§ **Information supplied**:

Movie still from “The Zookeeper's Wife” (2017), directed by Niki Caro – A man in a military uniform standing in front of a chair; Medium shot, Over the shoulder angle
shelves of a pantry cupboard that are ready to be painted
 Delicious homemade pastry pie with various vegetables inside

§ **Exercise instructions**:
Please reproduce each line above exactly as written.

§ **Response to the task**:
Movie still from “The Zookeeper's Wife” (2017), directed by Niki Caro – A man in a military uniform standing in front of a chair; Medium shot, Over the shoulder angle
shelves of a pantry cupboard that are ready to be painted
 Delicious homemade pastry pie with various vegetables inside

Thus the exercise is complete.